I have called Christ the ‘first instance’ of the new man. But of course He is something much more than that. He is not merely a new man, one specimen of the species, but the new man. He is the origin and centre and life of all the new men. He came into the created universe, of His own will, bringing with Him the Zoe, the new life. (I mean new to us, of course:
in its own place Zoe has existed for ever and ever.) And He transmits it not by heredity but by what I have called ‘good infection’. Everyone who gets it gets it by personal contact with Him. Other men become ‘new’ by being ‘in Him’.
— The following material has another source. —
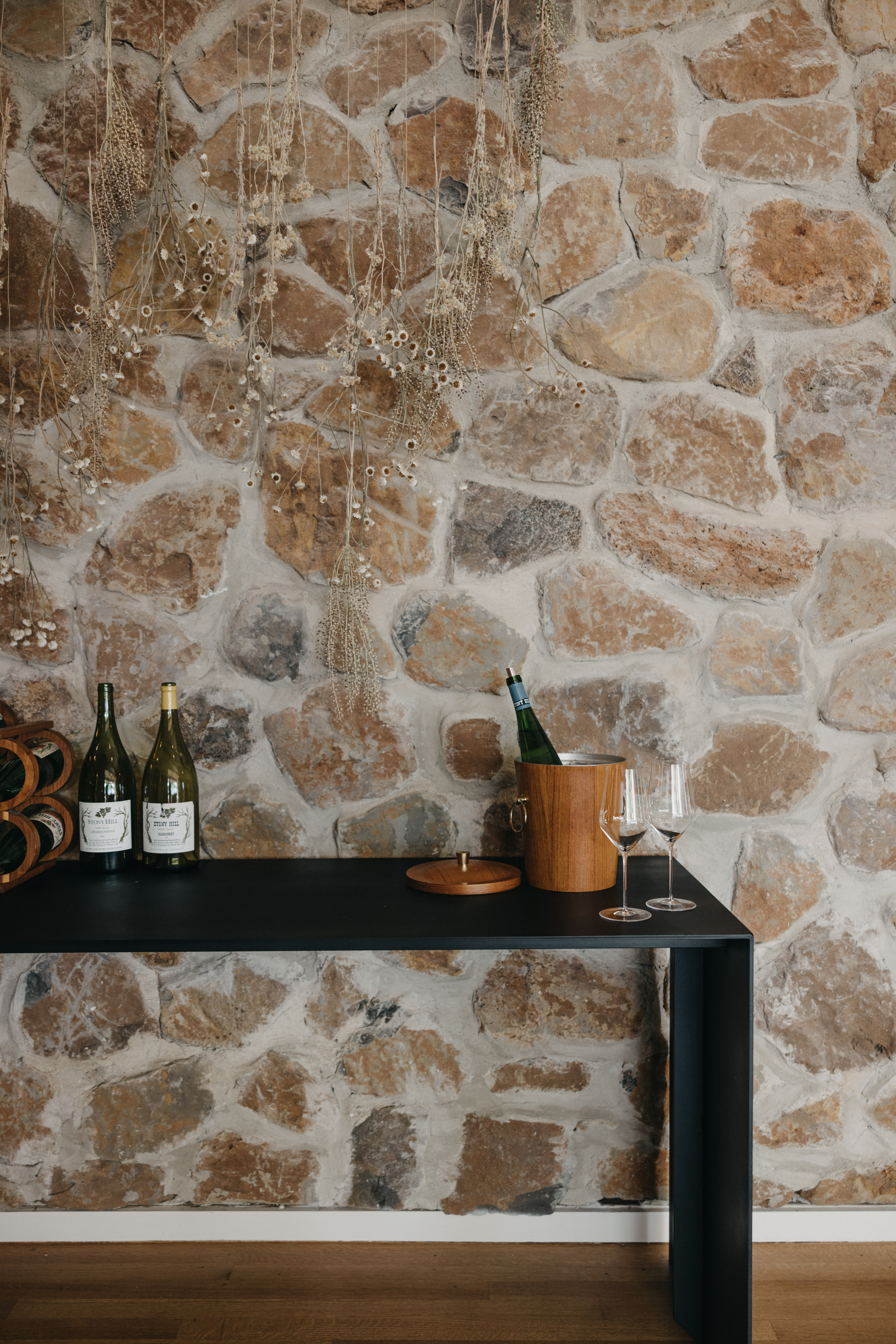 A stone wall with a table in front, two bottles of Stony Hill wines on the table, with another bottle of Stony Hill in a ice bucket and a glass of wine next to it.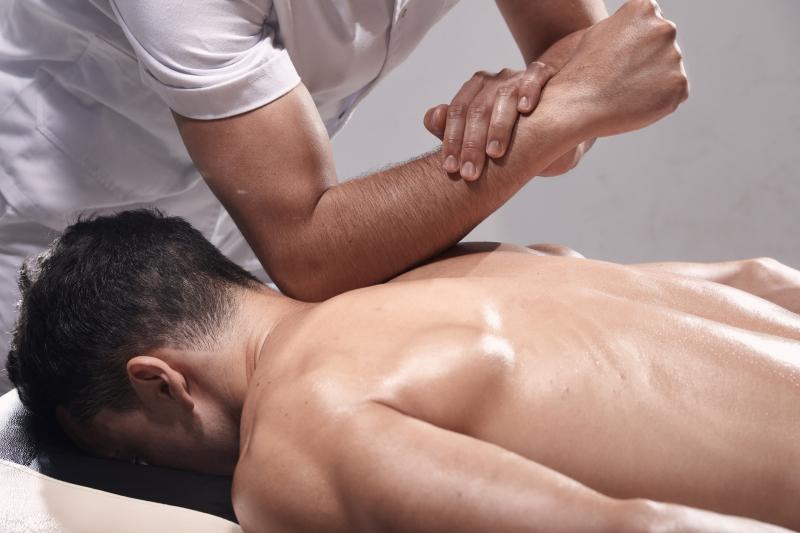 Massage therapist performing sports massage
This step is taken at a different speed from the previous ones. Compared with the development of man on this planet, the diffusion of Christianity over the human race seems to go like a flash of lightning—for two thousand years is almost nothing in the history of the universe. (Never forget that we are all still ‘the early Christians’. The present wicked and wasteful divisions between us are, let us hope, a disease of infancy: we are still teething. The outer world, no doubt, thinks just the opposite. It thinks we are dying of old age. But it has thought that very often before. Again and again it has thought Christianity was dying, dying by persecutions from without and corruptions from within, by the rise of Mohammedanism, the rise of the physical sciences, the rise of great anti-Christian revolutionary movements. But every time the world has been disappointed. Its first disappointment was over the crucifixion. The Man came to life again. In a sense— and I quite realise how frightfully unfair it must seem to them—that has been happening ever since. They keep on killing the thing that He started: and each time, just as they are patting down the earth on its grave, they suddenly hear that it is still alive and has even broken out in some new place. No wonder they hate us.)
C.S. Lewis, Mere Christianity (1952; Harper Collins: 2001) 221-222.